Certain Answers Meet Zero-One Laws
The talk will start with a brief overview of querying incomplete information in databases and its main computational challenges. I will present a summary of the work that came out of the Edinburgh group in the past several years, before concentrating on the core of the talk, reflected in the title. Querying incomplete data invariably relies on the very coarse classification of query answers into those that are certain and those that are not. Such a classification is often very costly, and we refine it by measuring how close an answer is to certainty.

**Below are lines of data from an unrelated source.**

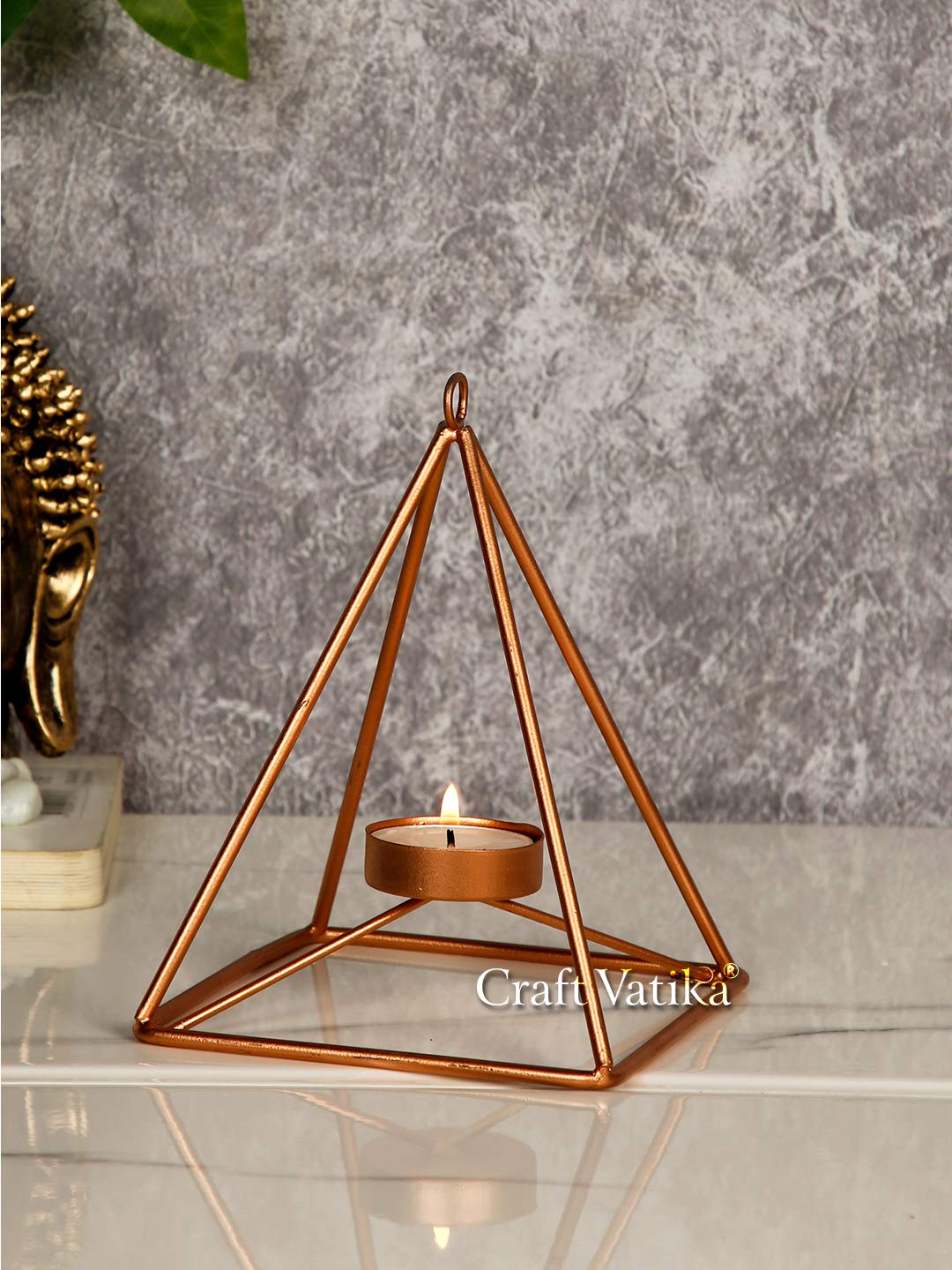 CraftVatika Geometric Tea Light Candle Holder for Home Decoration Metal Tealight Candle Holders Stand for Home Indoor Outdoor Garden Living Room Decor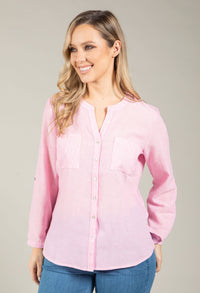Front Pocket Linen Look Blouse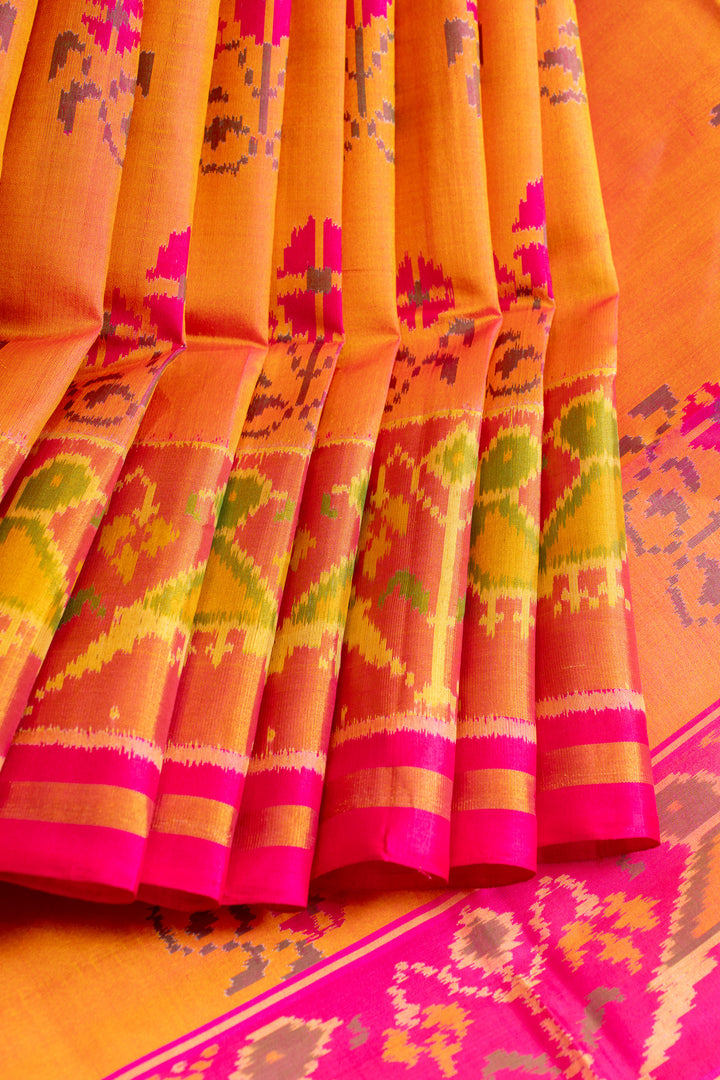 Peach pink pure patan Patola ikat silk saree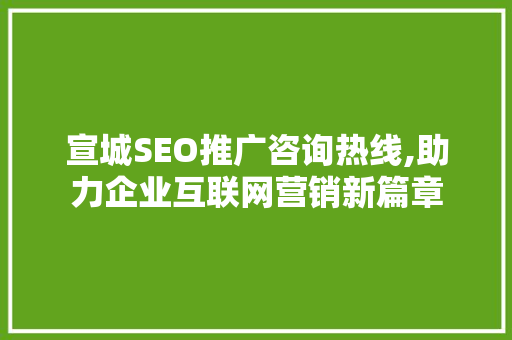 宣城SEO推广咨询热线,助力企业互联网营销新篇章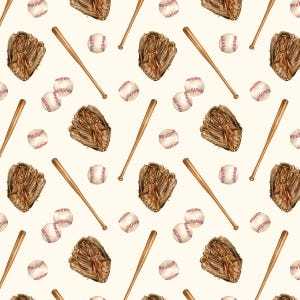 Cream Baseball Fabric, Fabric by the Yard, Sports Fabric, Baseball Glove and Ball, Cate & Rainn, Quilting Cotton, Knit Fabric, Canvas,Jersey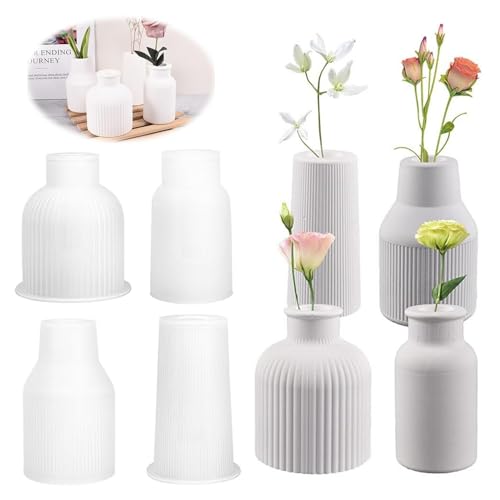 4 Stück Vase Silikonform, Vase Silikonformen Epoxidharz Formen, DIY Vases Resin Formen Vase Gießformen Silikon, Vase Silicone Mould, für von Blumenvase Blumentopf Heimdekoration 4 Stück Vase Silikonform, Vase Silikonformen Epoxidharz Formen, DIY Vases Resin Formen Vase Gießformen Silikon, Vase Silicone Mould, für von Blumenvase Blumentopf Heimdekoration von WAYBWZDQ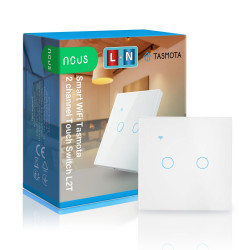 Interrupteur connecté tactile WIFI Tasmota - 2 charges - NOUS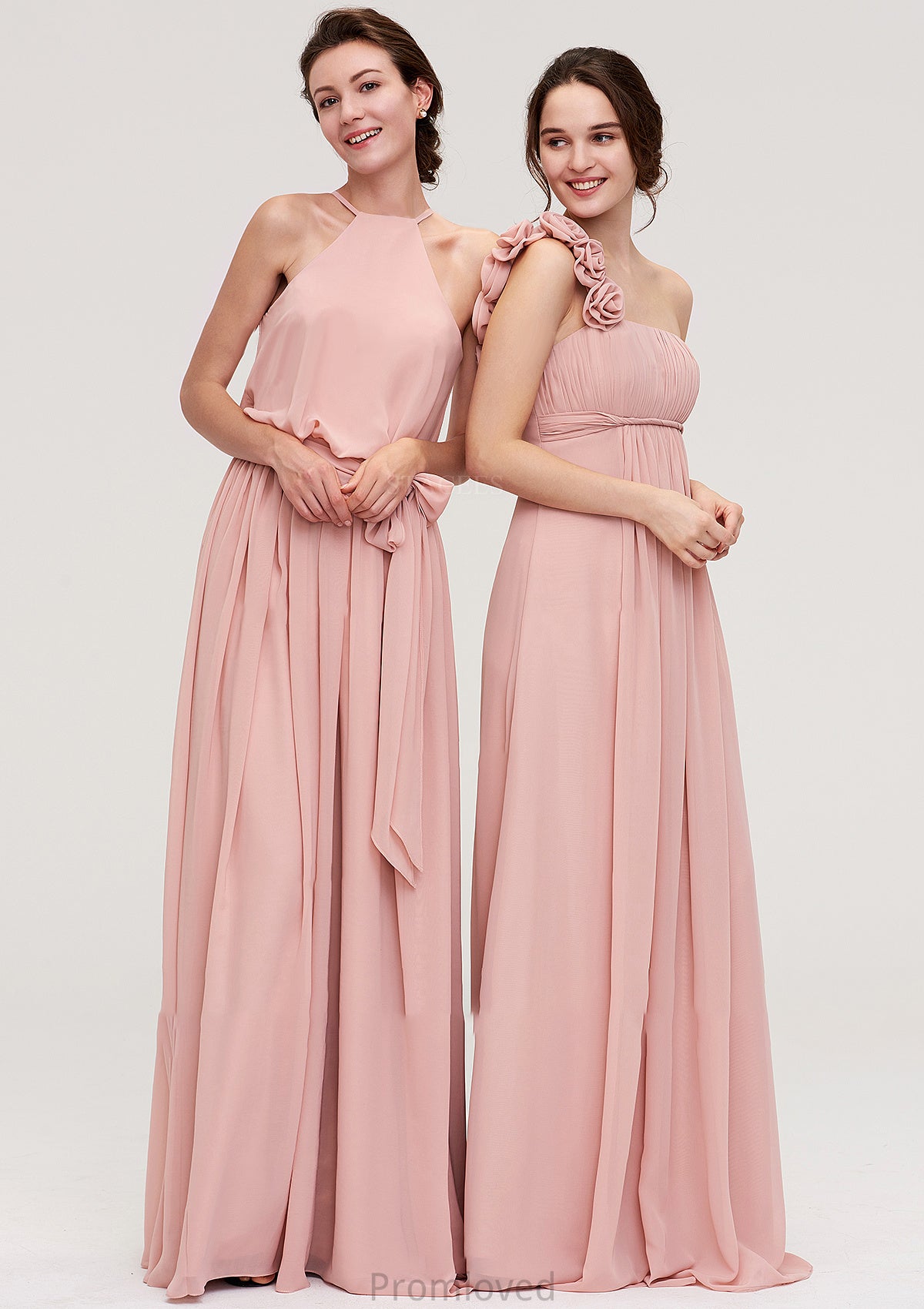 Sleeveless One-Shoulder Long/Floor-Length Chiffon A-line/Princess Bridesmaid Dresses With Pleated Flowers Amina DUP0025346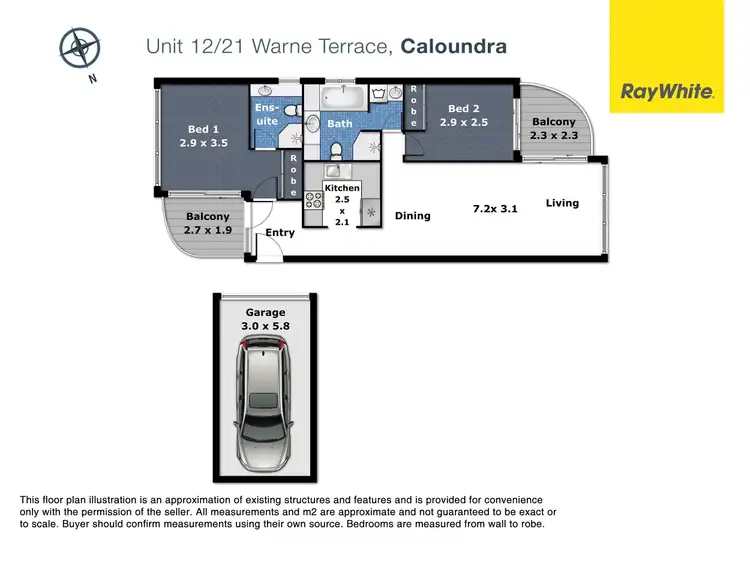 Floorplan of Homely apartment listing, 12/21 Warne Terrace, Caloundra QLD 4551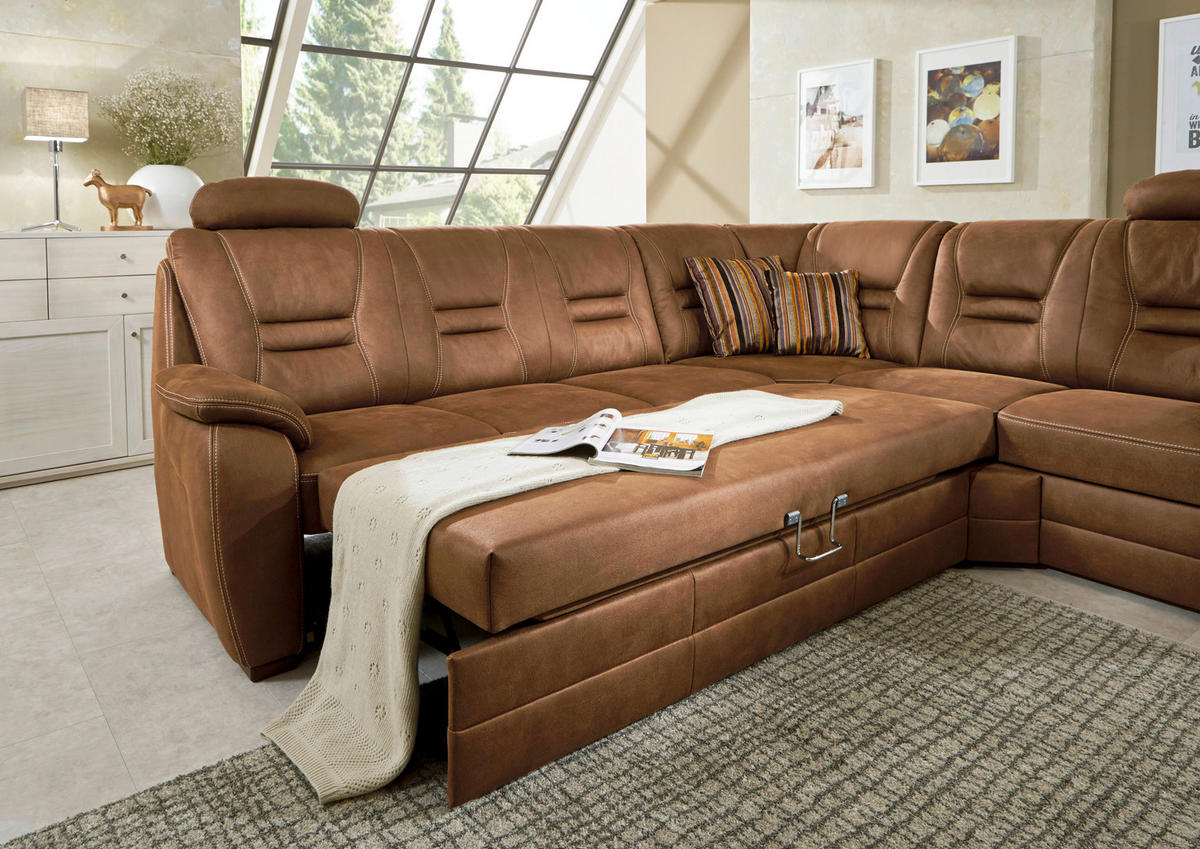 ECKSOFA in Lederlook Weinrot  - Beige/Weinrot, Konventionell, Holz/Textil (286/234cm) - Beldomo Comfort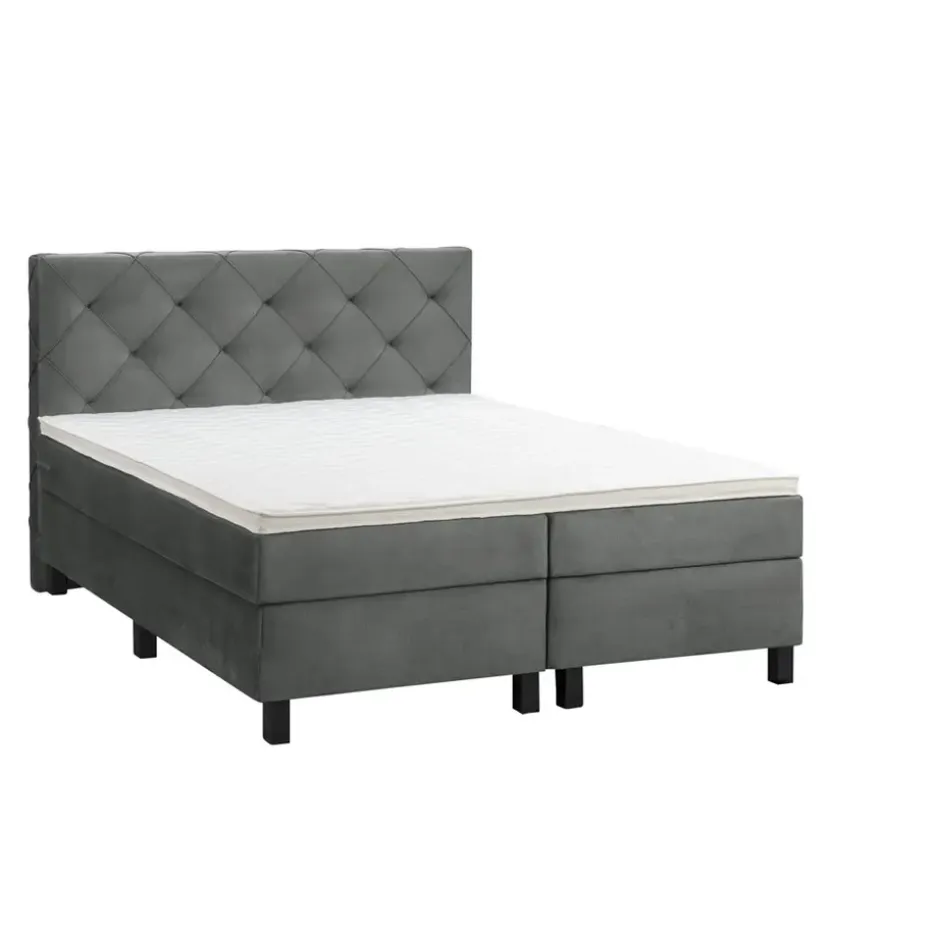 Boxspring Liv geruit - grijs - 160x200 cm - vierkante poot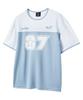 MOZMOZ Pastel Air Mesh Short Sleeve Jersey T-Shirt Blue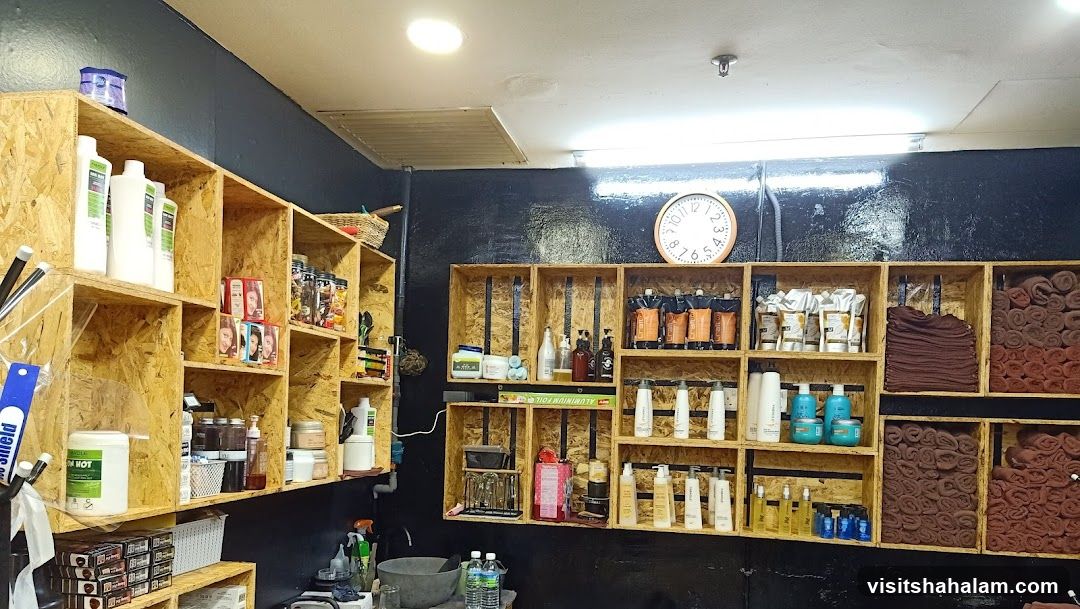 Salon Shelving with Products and Towels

This measure is defined as the probability that the query is true under a random interpretation of missing information in a database. Since there are infinitely many such interpretations, to pick one at random we adopt the approach used in the study of asymptotic properties and 0-1 laws for logical sentences and define the measure as the limit of a sequence. We show that in the standard model of missing data, the 0-1 law is observed: this limit always exists and can be only 0 or 1 for a very large class of queries. Thus, query answers are either almost certainly true, or almost certainly false, and this classification behaves very well computationally. When databases satisfy constraints, the measure is defined as the conditional probability of the query being true if the constraints are true. This can now be an arbitrary rational number, which is always computable. Another refinement of the notion of certainty views answers with a larger set of interpretations that make them true as better ones. We pinpoint the exact complexity of finding best answers for first-order queries.